Reduced GATA1 nuclear localization alters transcription and mimics R307C/H mutants

Given the largely preserved protein interactions, and although we cannot exclude altered interactions at individual loci, we assessed whether specific sequence motifs in the IDR may be disrupted by the mutations. We noted that the GATA1 R307C/H mutations partially disrupted a predicted nuclear localization signal55 and observed that this mutation resulted in ∼40% reduction of GATA1 in the nucleus and increased GATA1 retention in the cytoplasm (Figure 4B-C; supplemental Figure 5A-B). To investigate the impact of reduced nuclear localization, we treated G1E-ER4 cells with increasing β-estradiol concentrations, thereby titrating nuclear GATA1 activity, as validated by changes in Ter119 expression (Figure 4D; supplemental Figure 5C-D). We then conducted RNA-seq to relate variation in nuclear GATA1 levels to R307C/H mutant transcriptional activity. For this comparison, we curated 2 gene sets of poorly and similarly induced genes in R307C/H compared with GATA1 WT transduced G1E cells (Figures 3 and 4E; supplemental Table 1; data supplement). Interestingly, the set of poorly induced genes was more highly transcribed at equivalent β-estradiol concentrations in G1E-ER4 cells, suggesting a higher degree of transcriptional responsiveness to GATA1 levels (Figure 4F; supplemental Figure 5E-G; supplemental Table 1).

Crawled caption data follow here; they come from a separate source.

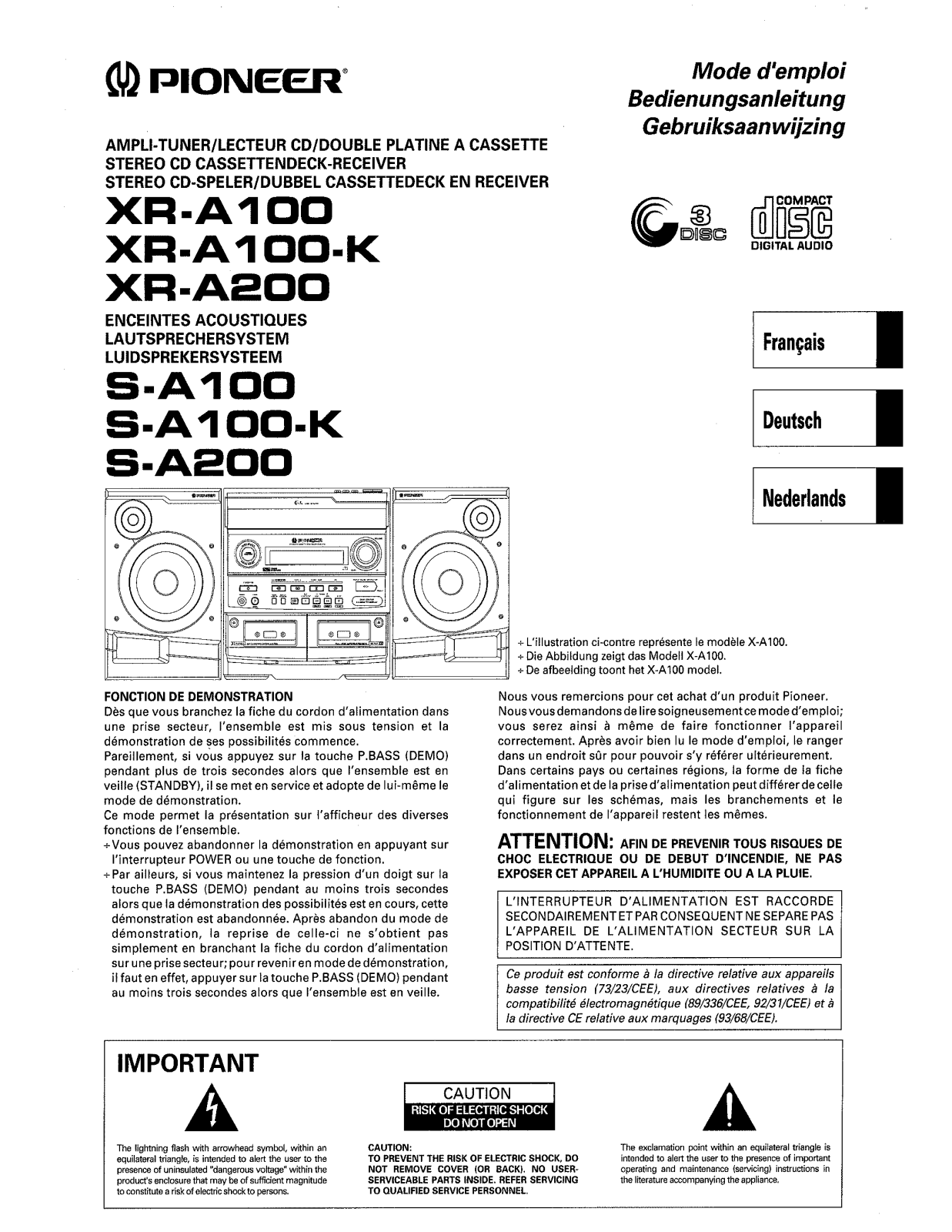 Pioneer S-A100 User Manual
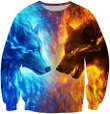 3D All Over Print blue and red wolf Hoodie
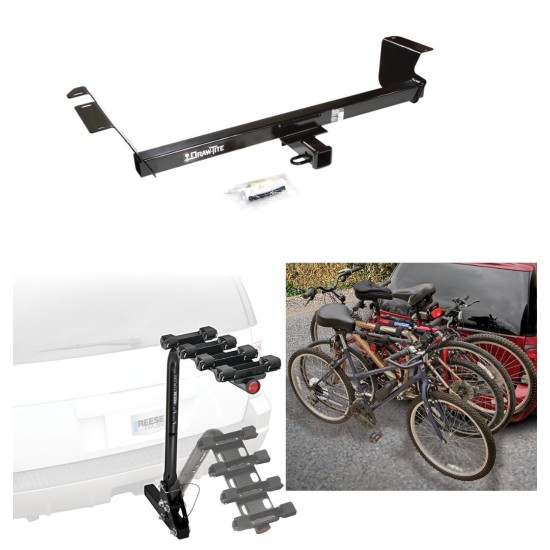 Trailer Hitch w/ 4 Bike Rack For 08-16 Chrysler Town & Country 2021 Grand Caravan 08-20 Dodge Grand Caravan 12-15 RAM C/V 09-14 VW Routan Approved for Recreational & Offroad Use Carrier for Adult Woman or Child Bicycles Foldable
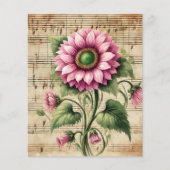 ヴィンテージミュージックピンク&グリーンサンフラワースクラップブック (正面)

To estimate equivalent effect sizes, we projected the fold changes for each gene set as observed in GATA1 WT and R307C/H reconstituted G1E cells (Figure 3). This revealed the equivalent β-estradiol dose for the poorly induced gene set to be significantly lower for the R307C/H mutants (mean, 38.8 nM) compared with GATA1 WT (59.5 nM; Figure 4F). Considering all differentially expressed genes, R307C/H transduced G1E cells also showed greater correlation at lower β-estradiol concentrations (Figure 4G). Therefore, alterations of nuclear GATA1 levels may explain some of the observed changes in gene expression in R307C/H cells, although this is unlikely to fully explain the distinct transcriptional effects observed for different groups of GATA1 target genes (supplemental Figure 5G), some of which are more highly upregulated in R307C/H mutant reconstituted G1E cells (Figure 3D; cluster K3).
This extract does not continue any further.